» Task brief: Return each entry word for word. Leave the images out.

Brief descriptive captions
------------------------------------------------
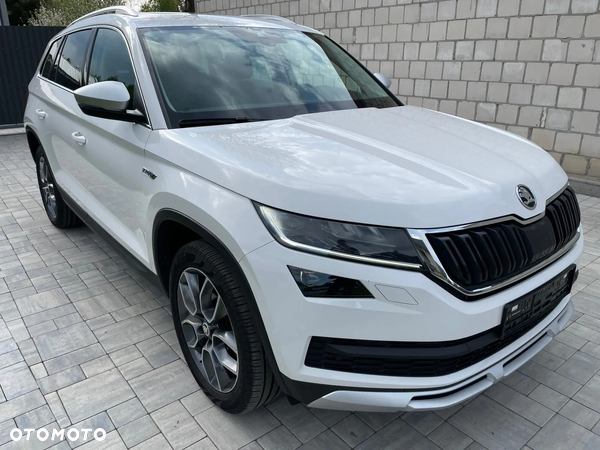 Skoda Kodiaq 2.0 TDI 4x4 Scout DSG - 5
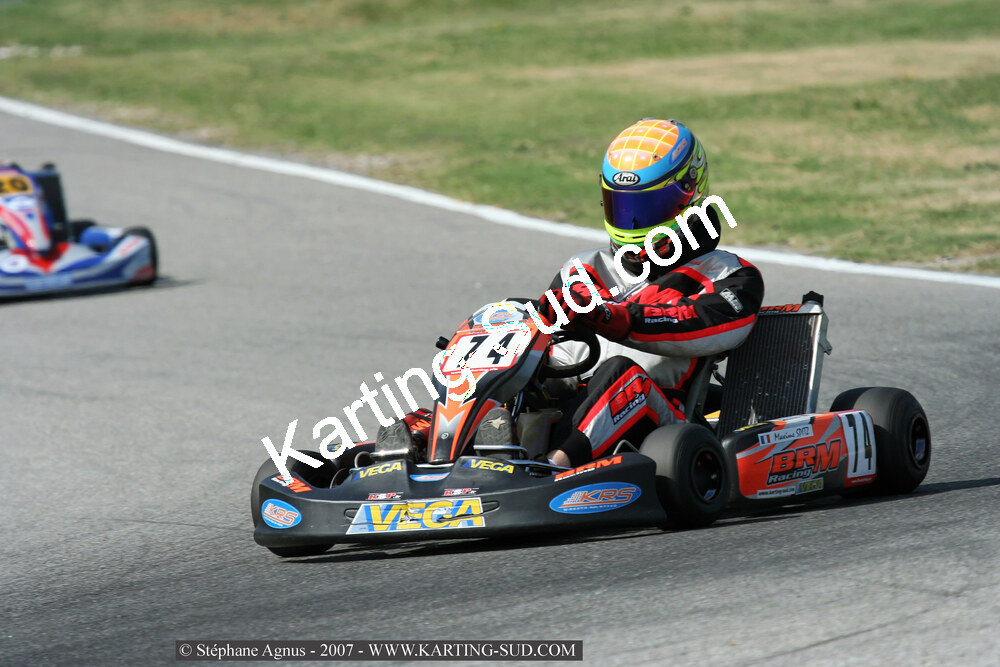 05/08/2007 : Course Club – Lavelanet (Photos Stéphane Agnus) 2007 — karting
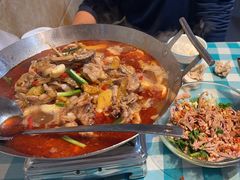 -昱龙大盆牛蛙馆(三兴街总店)
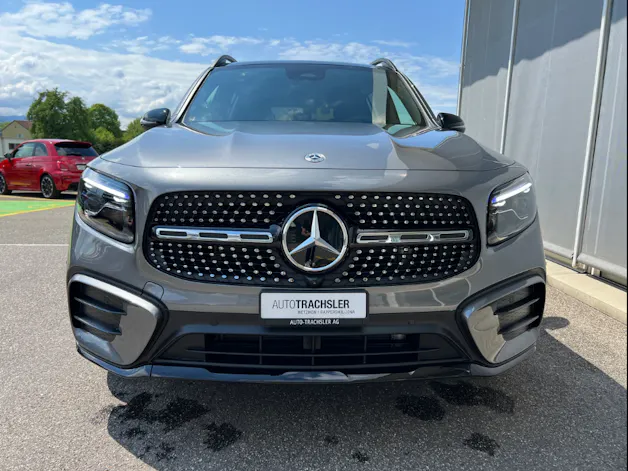 Mercedes-Benz GLB 250 AMG Line 4matic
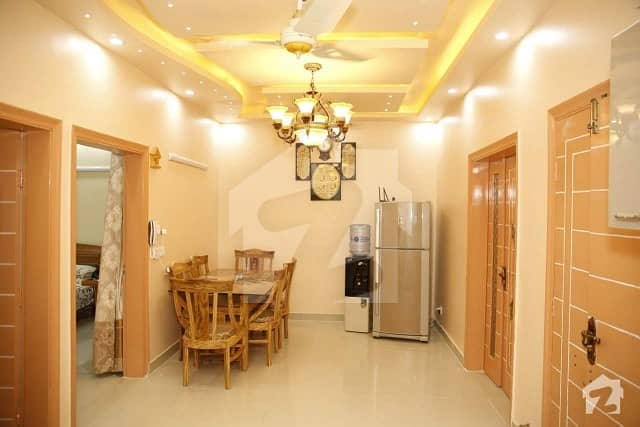 A Well Furnished Bungalow Available For Sale Corner Block H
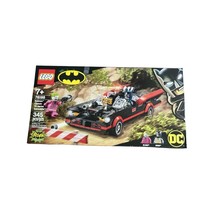 LEGO DC Batman Classic TV Series Batmobile (76188) Brand New! - £110.78 GBP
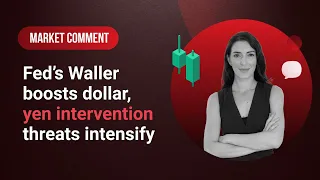 Market Comment: 28/03/2024 - Fed’s Waller boosts dollar, yen intervention threats intensify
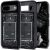 Защитный чехол Spigen (SGP) Ultra Hybrid Zero One для Google Pixel 8A (ACS07261) - Black: фото 1 из 16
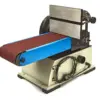 HBM 150 x 1220 Professionelle Band- und Tellerschleifmaschine – Bild 4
------------------------------------------------
» Your response:
 Skoda Kodiaq 2.0 TDI 4x4 Scout DSG - 5
 05/08/2007 : Course Club – Lavelanet (Photos Stéphane Agnus) 2007 — karting
 -昱龙大盆牛蛙馆(三兴街总店)
 Mercedes-Benz GLB 250 AMG Line 4matic
 A Well Furnished Bungalow Available For Sale Corner Block H
 LEGO DC Batman Classic TV Series Batmobile (76188) Brand New! - £110.78 GBP
 Market Comment: 28/03/2024 - Fed’s Waller boosts dollar, yen intervention threats intensify
 Защитный чехол Spigen (SGP) Ultra Hybrid Zero One для Google Pixel 8A (ACS07261) - Black: фото 1 из 16
 HBM 150 x 1220 Professionelle Band- und Tellerschleifmaschine – Bild 4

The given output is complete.